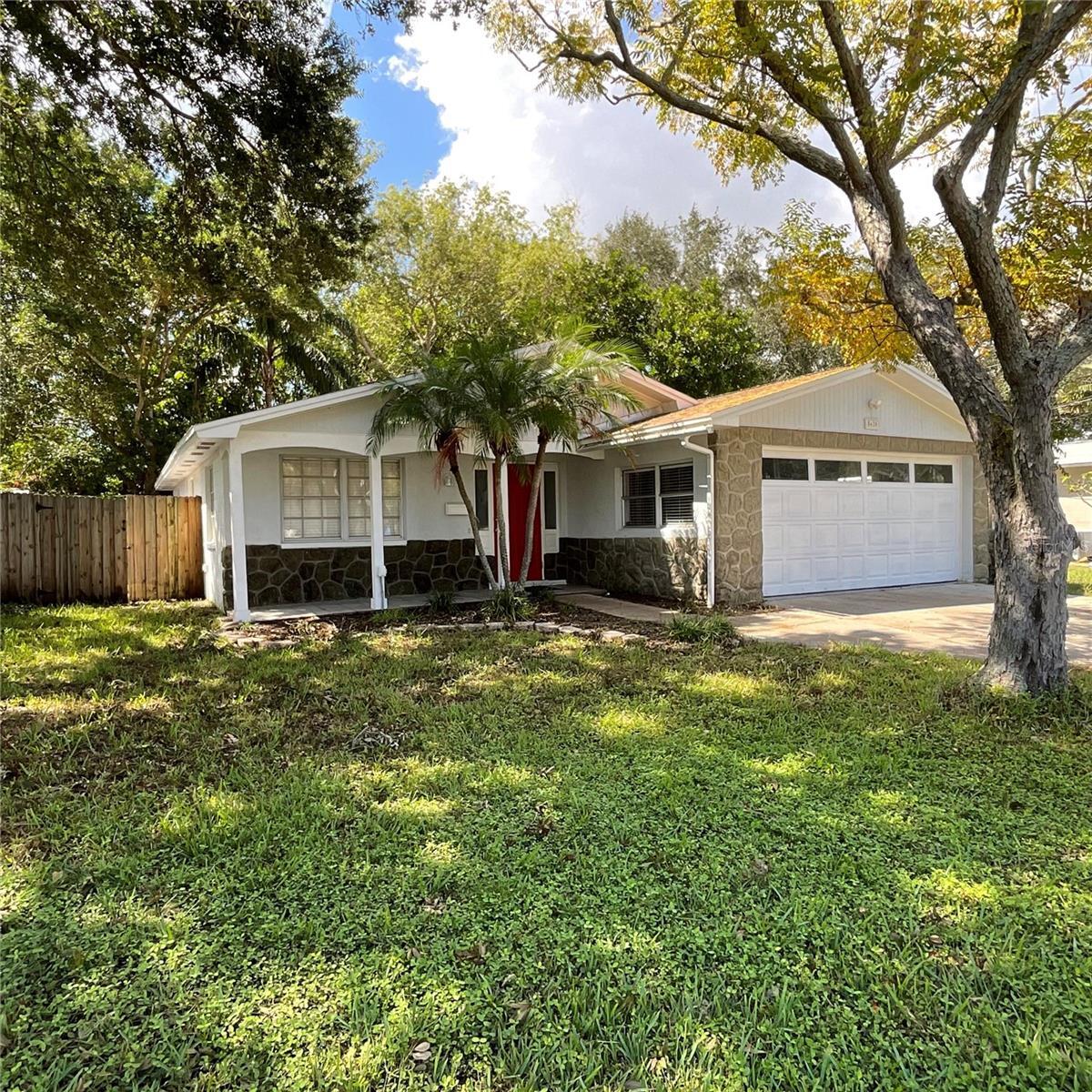 Property Photo: 5620 Denver Street NE FL 33703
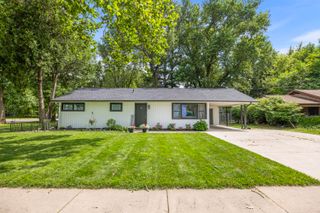 113 W Hughes Street, Marshall, MI 49068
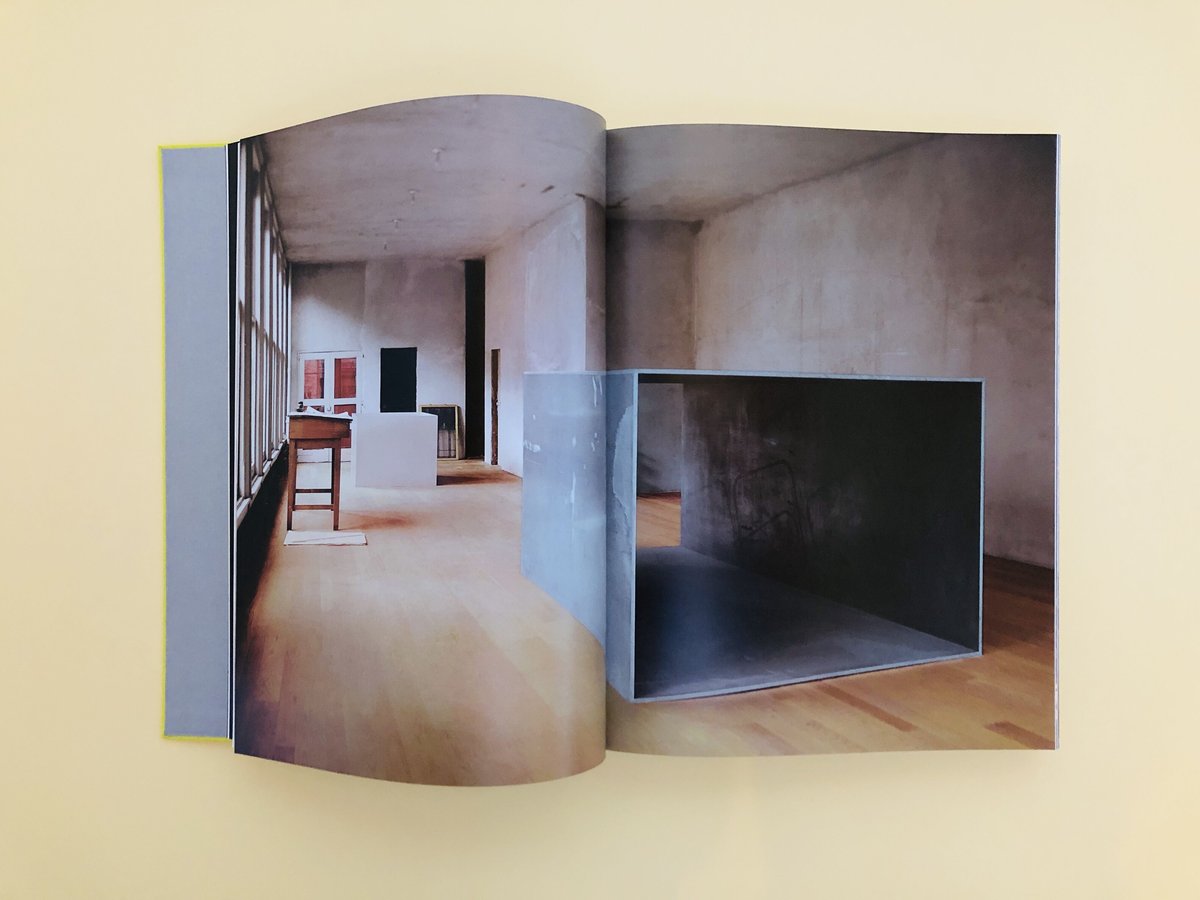 Donald Judd: Spaces 新品未開封 Donald Judd Spaces ドナルド・ジャッド ハードカバー 写真集
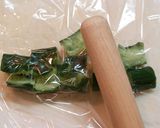 焼き鳥とかち割りきゅうりのサラダ作り方1写真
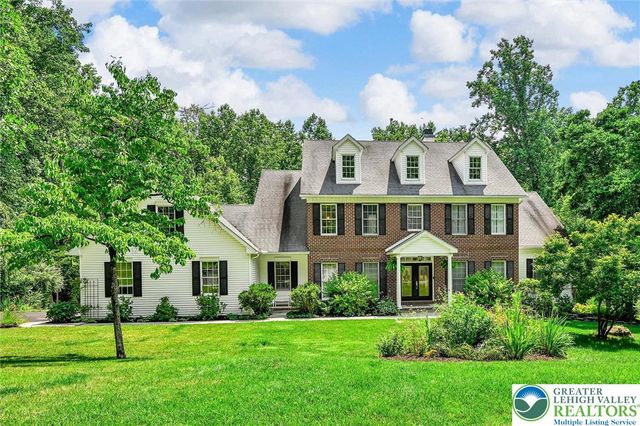 2475 Woodland Hills Court, Hellertown Boro, PA 18055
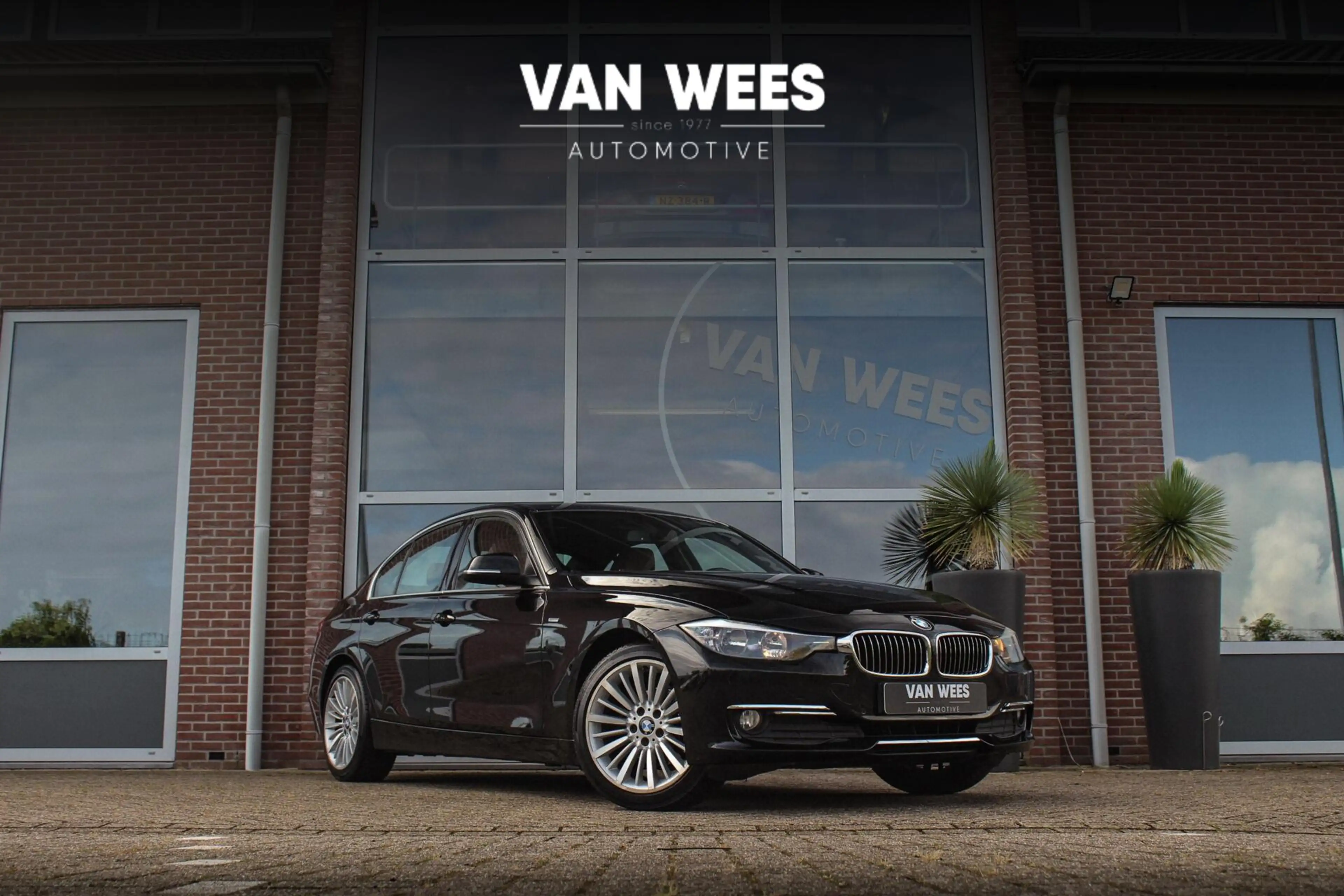 BMW 316 3-serie 316i Executive | Luxury Line | Sportstuur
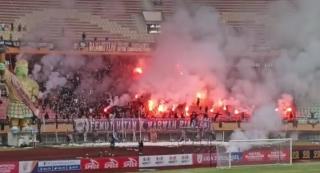 PSPS Riau Kalah Telak Dibikin PSMS, Suporter Marah Lempari Flare ke Arah Lapangan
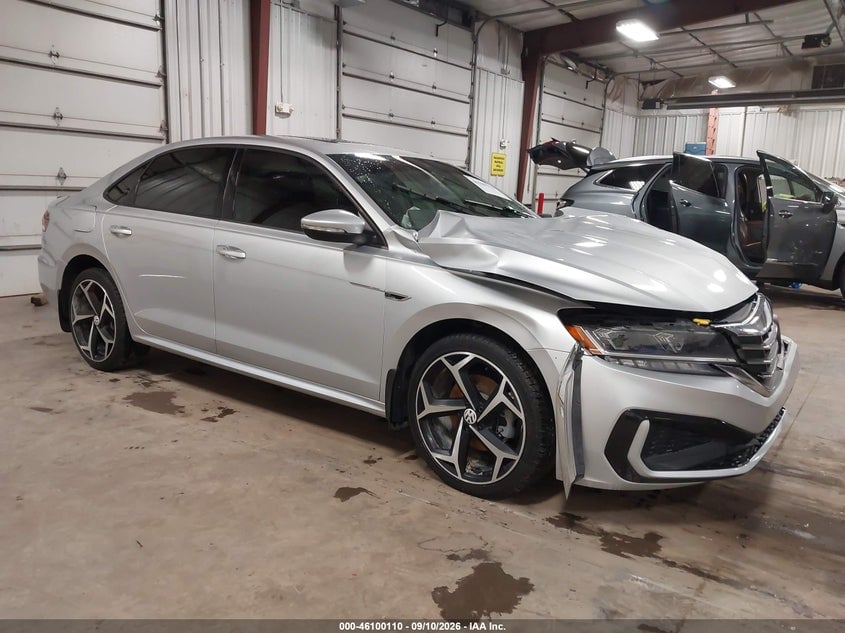 2020 VOLKSWAGEN PASSAT 2.0T R-LINE | 1VWMA7A33LC010439 | UPCARS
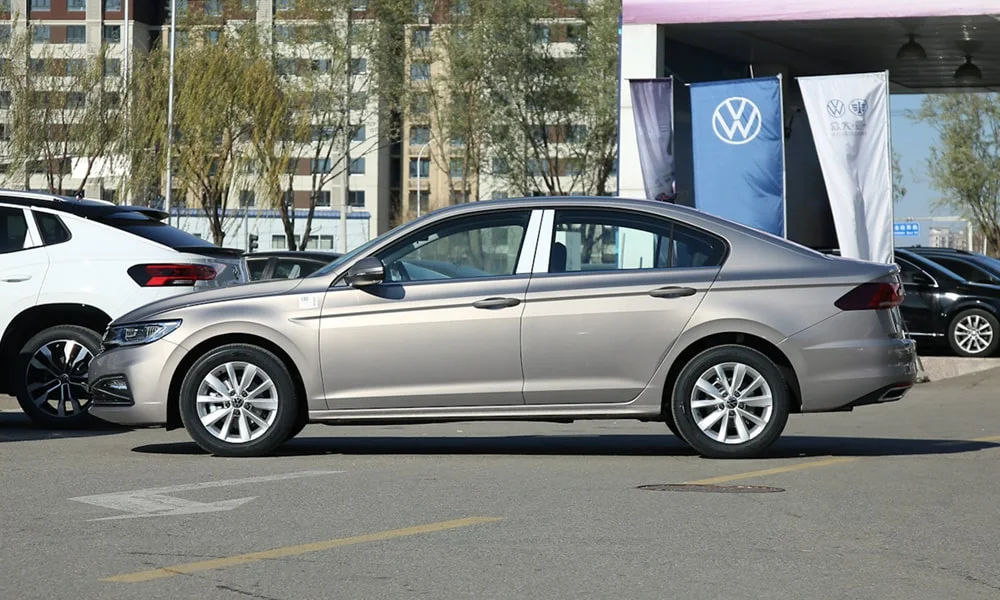 Volkswagen Bora — вид сбоку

YOUR TASK
The material above is to be output exactly, with each picture left out.

EXERCISE OUTPUT
 Property Photo: 5620 Denver Street NE FL 33703
 113 W Hughes Street, Marshall, MI 49068
 Donald Judd: Spaces 新品未開封 Donald Judd Spaces ドナルド・ジャッド ハードカバー 写真集
 焼き鳥とかち割りきゅうりのサラダ作り方1写真
 2475 Woodland Hills Court, Hellertown Boro, PA 18055
 BMW 316 3-serie 316i Executive | Luxury Line | Sportstuur
 PSPS Riau Kalah Telak Dibikin PSMS, Suporter Marah Lempari Flare ke Arah Lapangan
 2020 VOLKSWAGEN PASSAT 2.0T R-LINE | 1VWMA7A33LC010439 | UPCARS
 Volkswagen Bora — вид сбоку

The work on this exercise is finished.